Data extract:

++++++

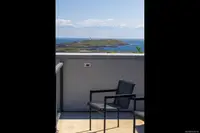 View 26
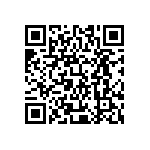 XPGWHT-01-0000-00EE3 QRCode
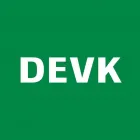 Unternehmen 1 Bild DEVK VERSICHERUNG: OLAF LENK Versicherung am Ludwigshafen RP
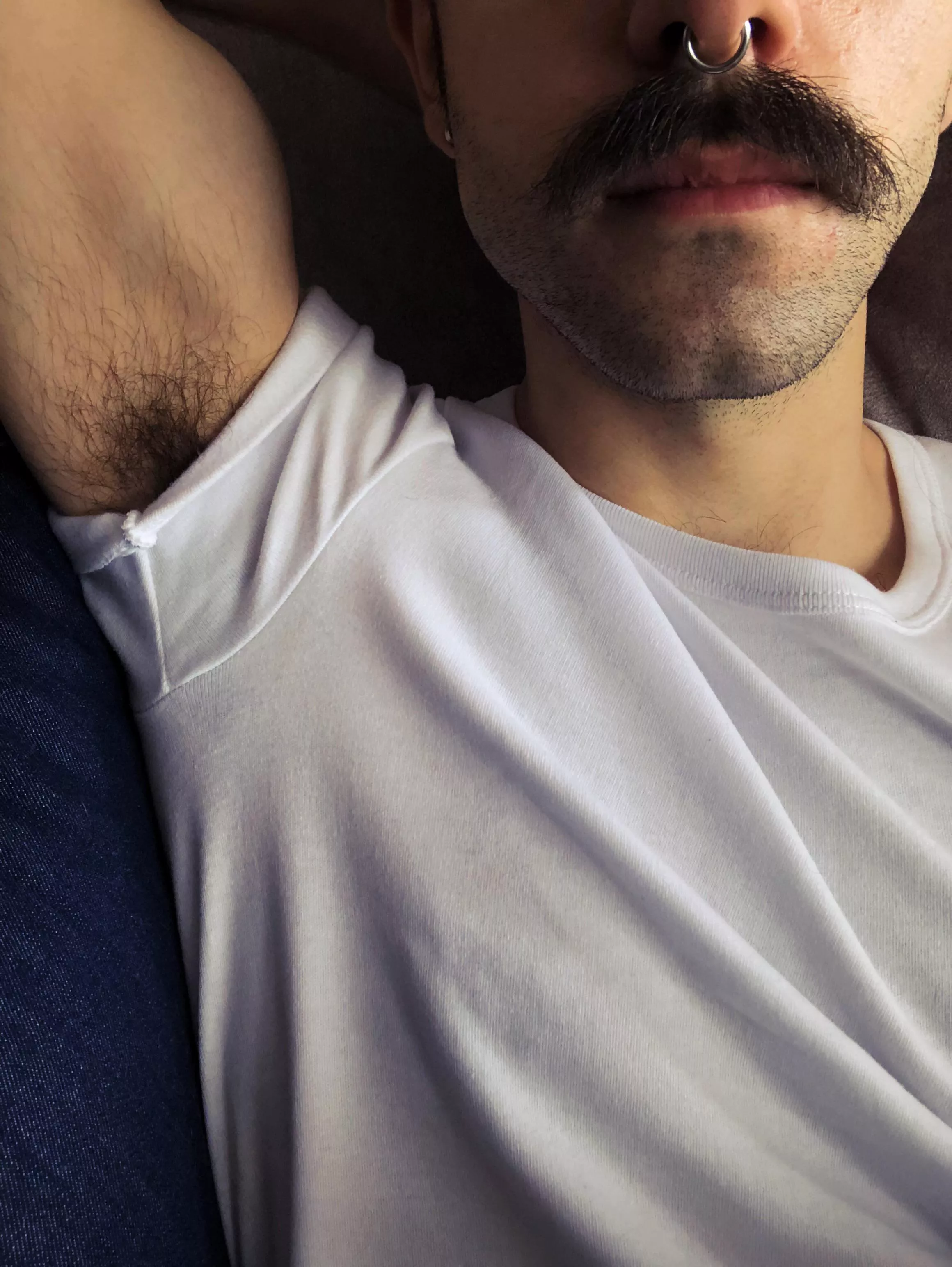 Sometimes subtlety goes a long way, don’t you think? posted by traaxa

++++++

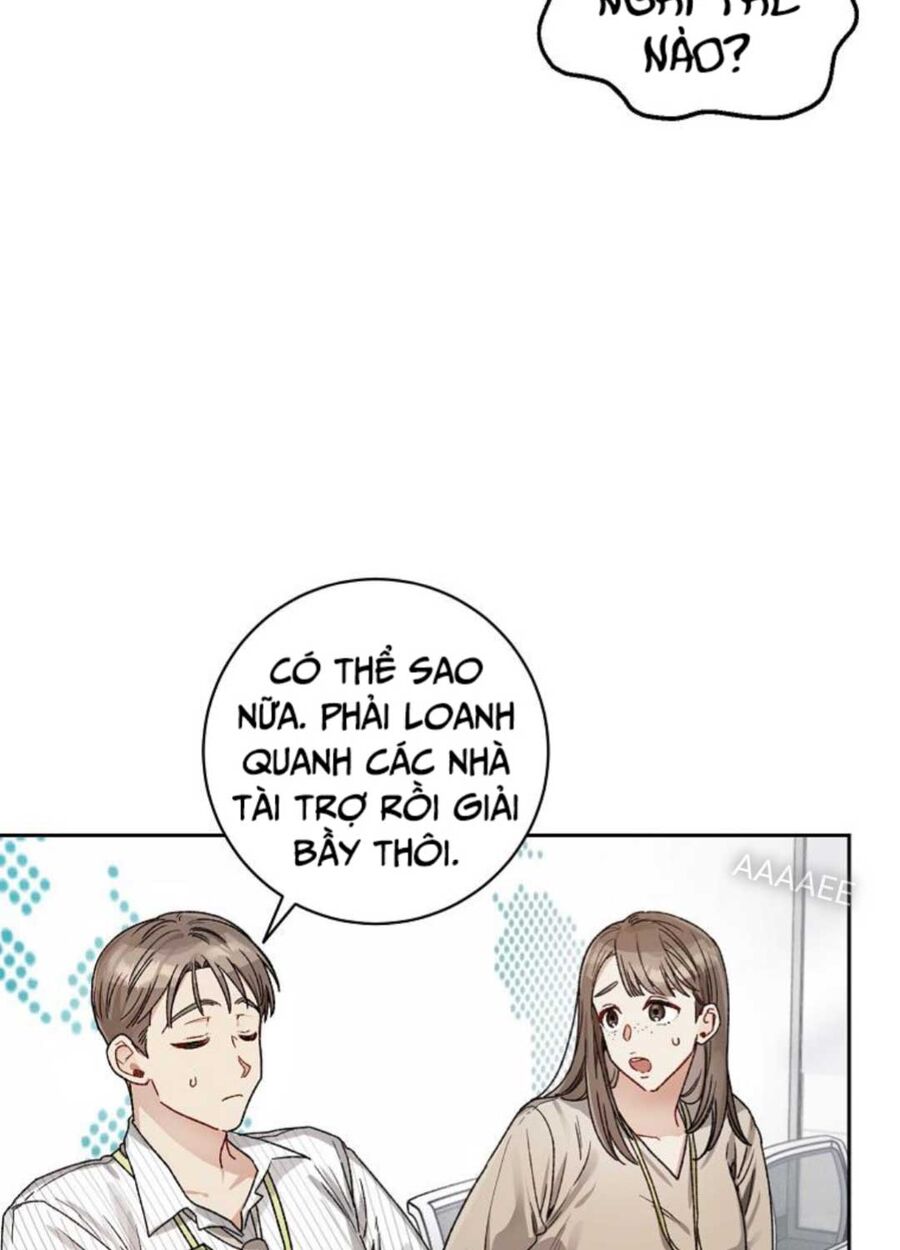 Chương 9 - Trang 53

++++++

Problem requirements:
Using the data above, copy exactly the lines from the one containing "XPGWHT-01-0000-00EE3 QRCode" to the one containing "Sometimes subtlety goes", inclusive. Exclude the pictures.

Output:
 XPGWHT-01-0000-00EE3 QRCode
 Unternehmen 1 Bild DEVK VERSICHERUNG: OLAF LENK Versicherung am Ludwigshafen RP
 Sometimes subtlety goes a long way, don’t you think? posted by traaxa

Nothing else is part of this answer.